┏━━

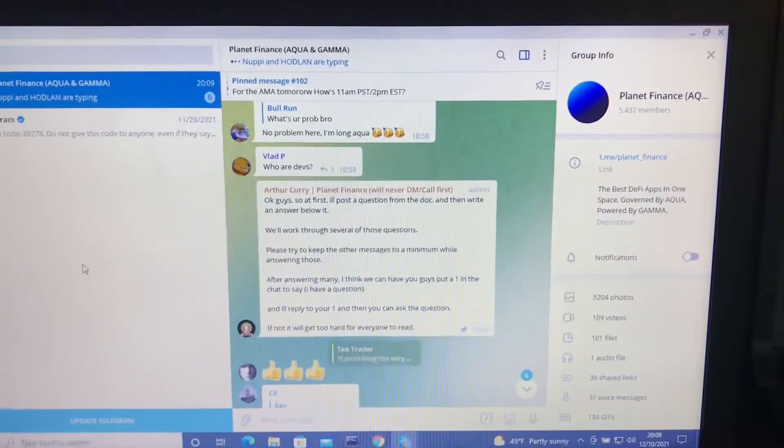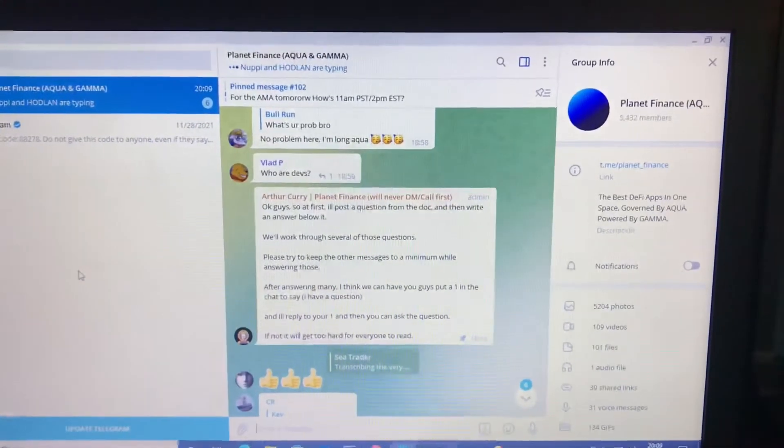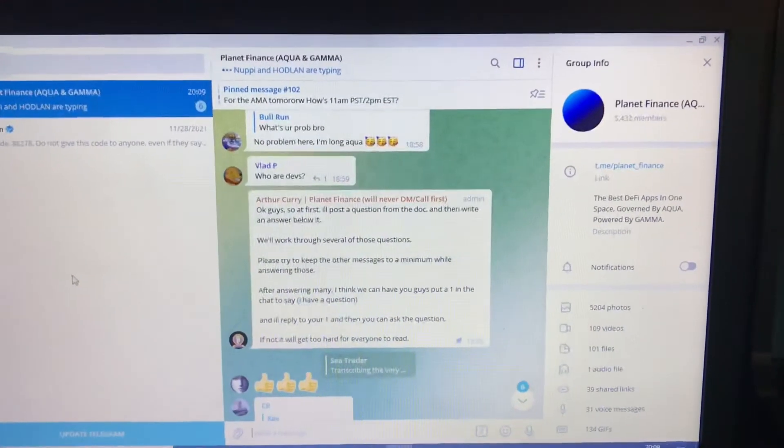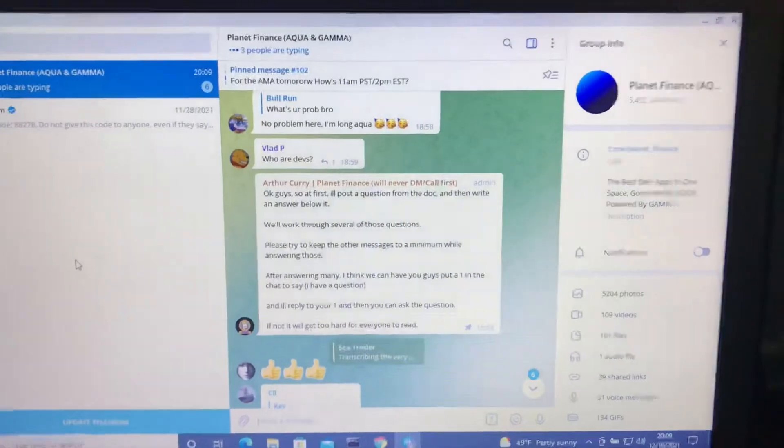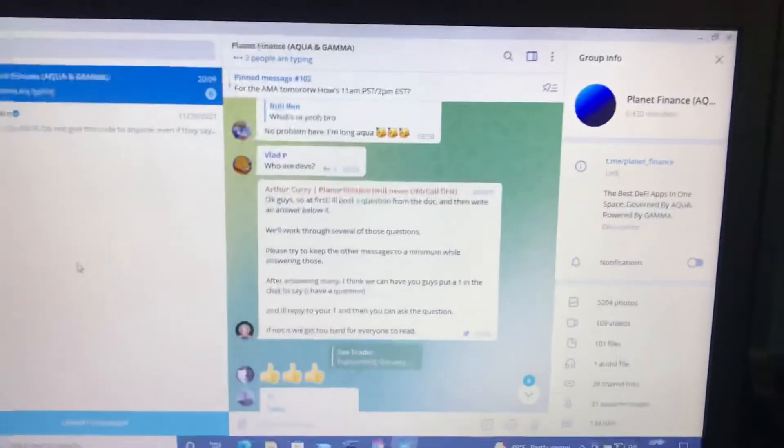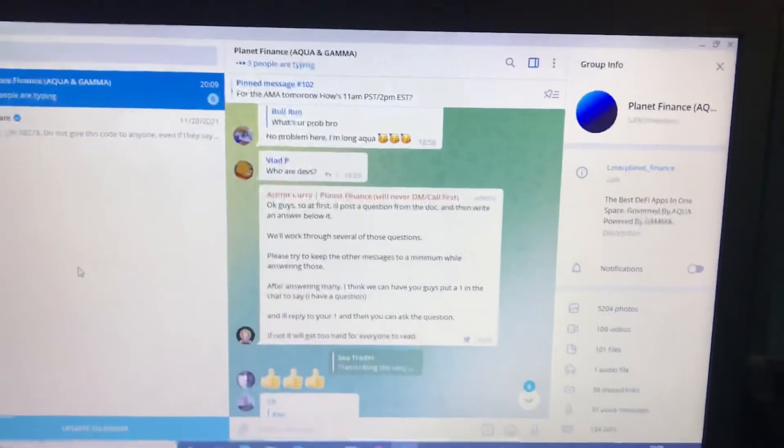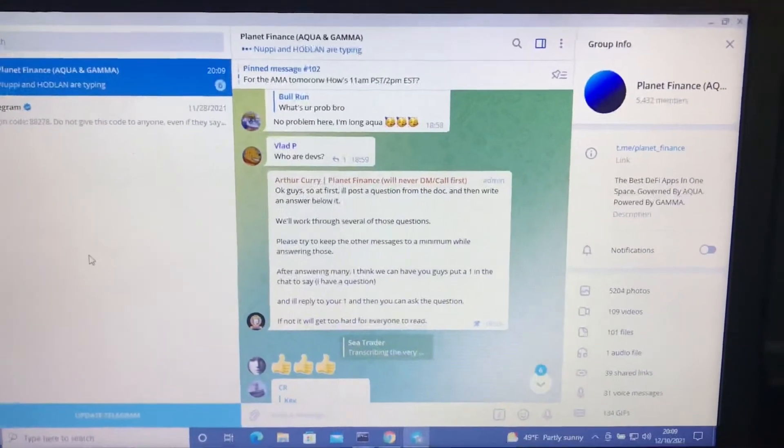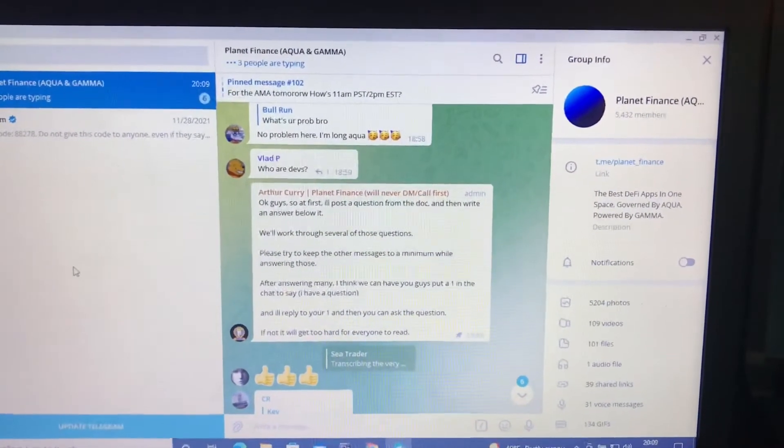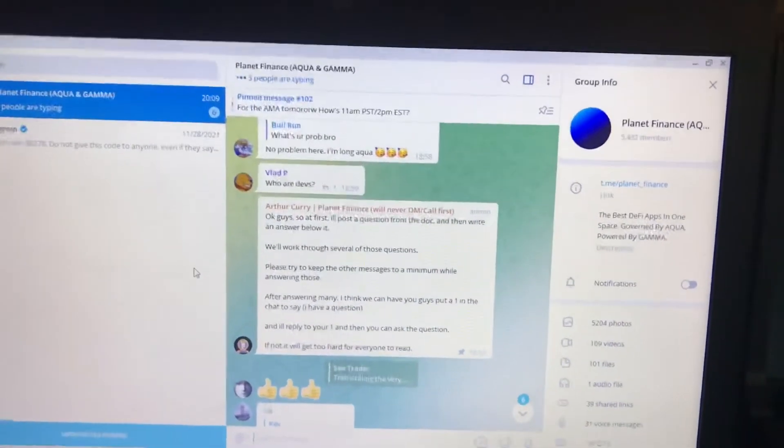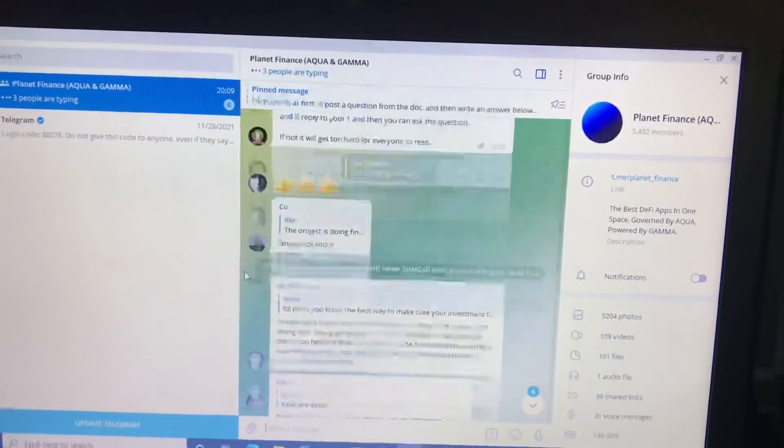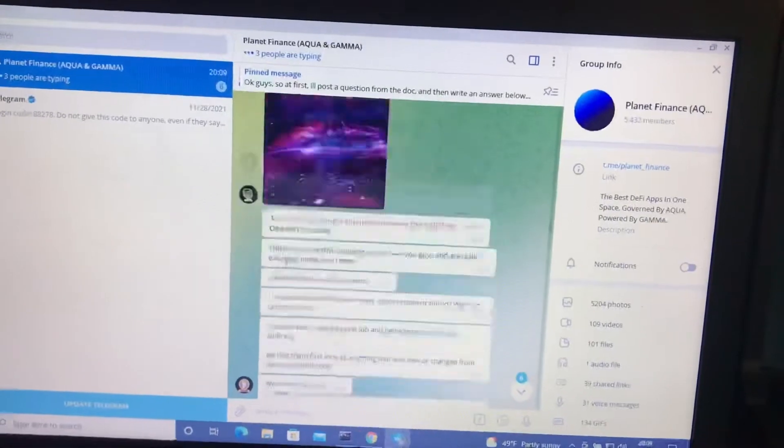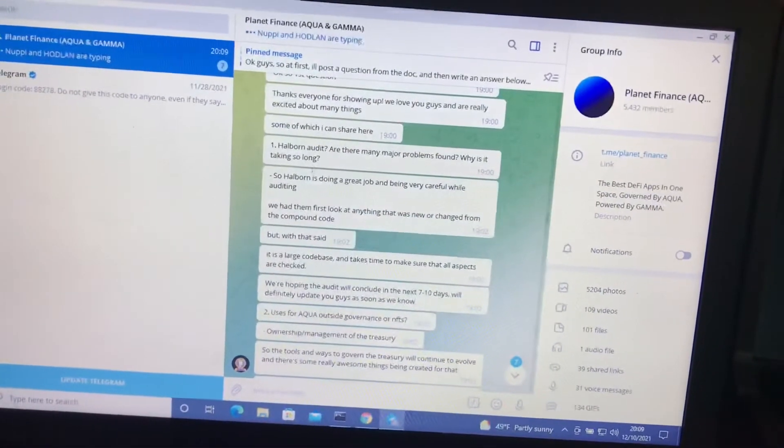And Arthur Curry, who's a Planet Finance expert, employee, admin, whatever he is, has wonderful information. He's made me more excited about the project than I was even before this. I was pretty hyped up about Planet Finance, but with all the fear and FUD going out there, I'm even more excited about Planet Finance than I've ever been.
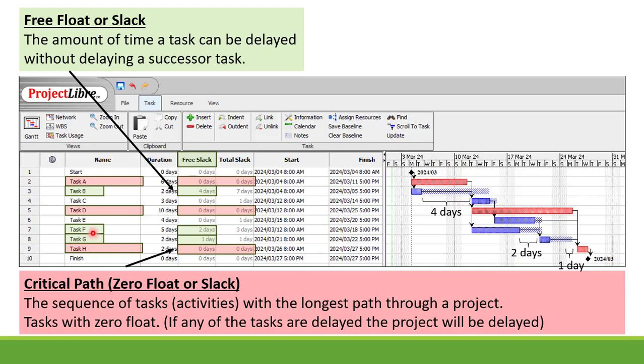Task F has got a free float of two days and task G has got a free float of one day.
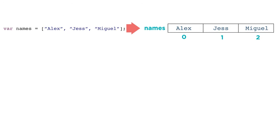To access an individual item from your list, write out the name of the list and the number of the slot you want to access like this. This means give me the item in the list names sitting in slot number two.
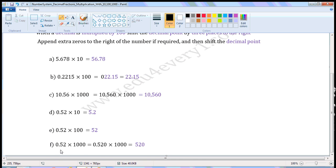Next one: 0.52 into 1000. When a decimal is multiplied by 1000, we have to shift the decimal point by three places to the right. Here, there are two places after the decimal point, so I append a zero to the right of 2. We can write this as 0.520 into 1000. Now shift the decimal point by three places to the right — put the decimal point after 0. There are no digits after 0, so we need not put the decimal point. So it becomes 520.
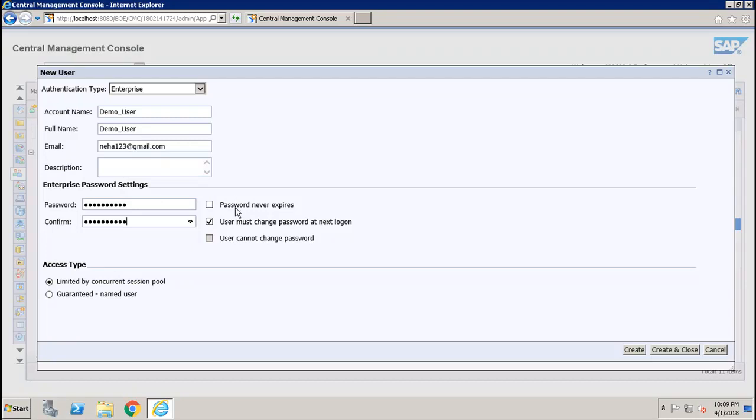After that, if I want to set the option that the password should never expire, I should use this option 'Password never expires'. If I want the user to change the password at first logon, I should specify this one and mark this checkbox so the user will be prompted to change the password at first logon. If we don't want the user to change the password, we can click on this and the user will not be able to change the password.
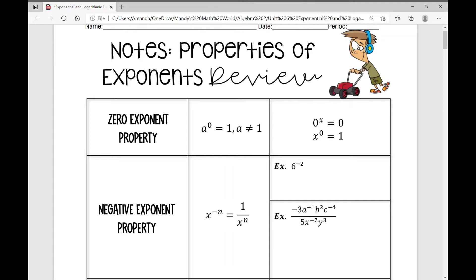This is the first lesson of your exponential and logarithmic functions unit for Algebra 2. The first lesson is over a properties of exponents review. Hopefully you've already seen these in Algebra 1, but let's go over them.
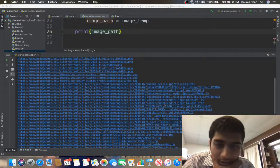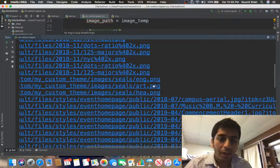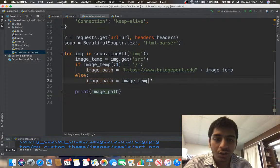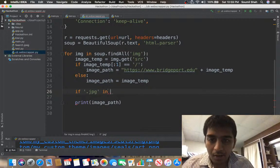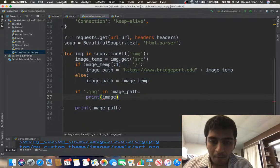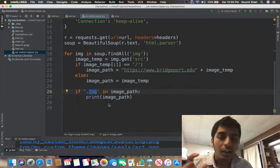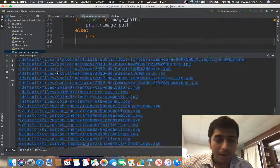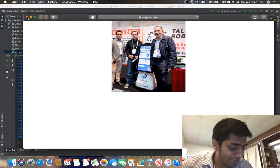Among all the links, some are PNG and some are JPG. I'll refine further — I only want JPG files. So I'll add: if '.jpg' in image_path: print image_path. What this does is: if '.jpg' is present in the link, only then print it, otherwise it's a bad link. Running this gives me just the JPG files.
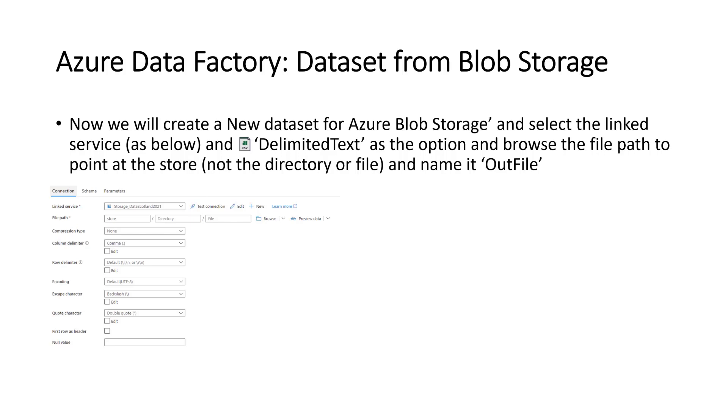By the time we get to the end, we'll have some information that we want to save somewhere. We want to save it in the same blob storage as the collective.txt file in the same place. So what we'll do is we'll set up a new data set pointing to the existing Azure blob storage linked service and we'll name this out file.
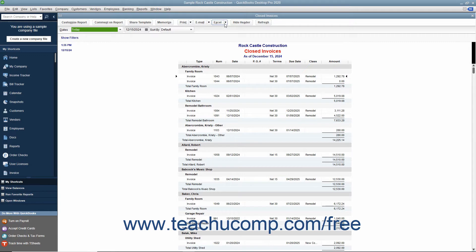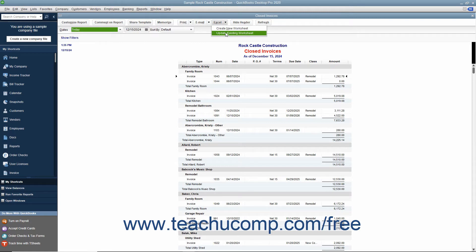Then click the Excel button in the toolbar at the top of the report and select either the Create New Worksheet or Update Existing Worksheet commands as needed.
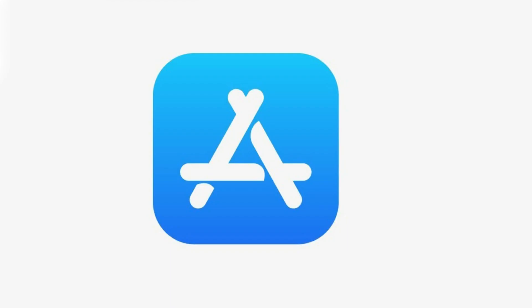Congratulations! You now know how to check the App Store purchase history on your Apple iPhone or iPad.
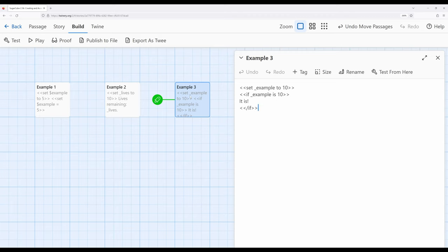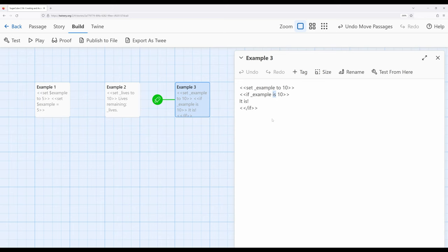In example three, we saw how to compare the value of a variable to other things, using the if macro to create conditional expressions that make stories more branching and dynamic. The if macro allows us to compare a variable's value to some other value. We have access to TwineScript English abbreviations like 'is', as well as equivalents for greater than, less than, and many others — or we can use the JavaScript equivalents. Thanks for watching.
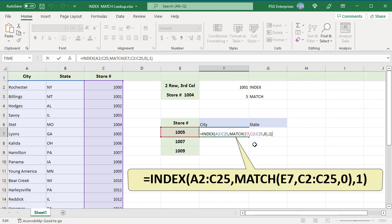And we are looking for it in the range C2 to C25, list of store numbers. In the index match combination, you need an exact match. So set the third argument of the MATCH function to 0. MATCH will look down the range until it finds 1005. It will find it in the sixth position, so 6 is used by index as the row argument.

┗━━

• [Requirement]:
Among the entries above, copy exactly the stretch from the line holding "Task F has got" through the line holding "Congratulations! You now", leaving out any pictures.

• [Task solution]:
Task F has got a free float of two days and task G has got a free float of one day.
To access an individual item from your list, write out the name of the list and the number of the slot you want to access like this. This means give me the item in the list names sitting in slot number two.
Next one: 0.52 into 1000. When a decimal is multiplied by 1000, we have to shift the decimal point by three places to the right. Here, there are two places after the decimal point, so I append a zero to the right of 2. We can write this as 0.520 into 1000. Now shift the decimal point by three places to the right — put the decimal point after 0. There are no digits after 0, so we need not put the decimal point. So it becomes 520.
After that, if I want to set the option that the password should never expire, I should use this option 'Password never expires'. If I want the user to change the password at first logon, I should specify this one and mark this checkbox so the user will be prompted to change the password at first logon. If we don't want the user to change the password, we can click on this and the user will not be able to change the password.
This is the first lesson of your exponential and logarithmic functions unit for Algebra 2. The first lesson is over a properties of exponents review. Hopefully you've already seen these in Algebra 1, but let's go over them.
Among all the links, some are PNG and some are JPG. I'll refine further — I only want JPG files. So I'll add: if '.jpg' in image_path: print image_path. What this does is: if '.jpg' is present in the link, only then print it, otherwise it's a bad link. Running this gives me just the JPG files.
By the time we get to the end, we'll have some information that we want to save somewhere. We want to save it in the same blob storage as the collective.txt file in the same place. So what we'll do is we'll set up a new data set pointing to the existing Azure blob storage linked service and we'll name this out file.
Then click the Excel button in the toolbar at the top of the report and select either the Create New Worksheet or Update Existing Worksheet commands as needed.
Congratulations! You now know how to check the App Store purchase history on your Apple iPhone or iPad.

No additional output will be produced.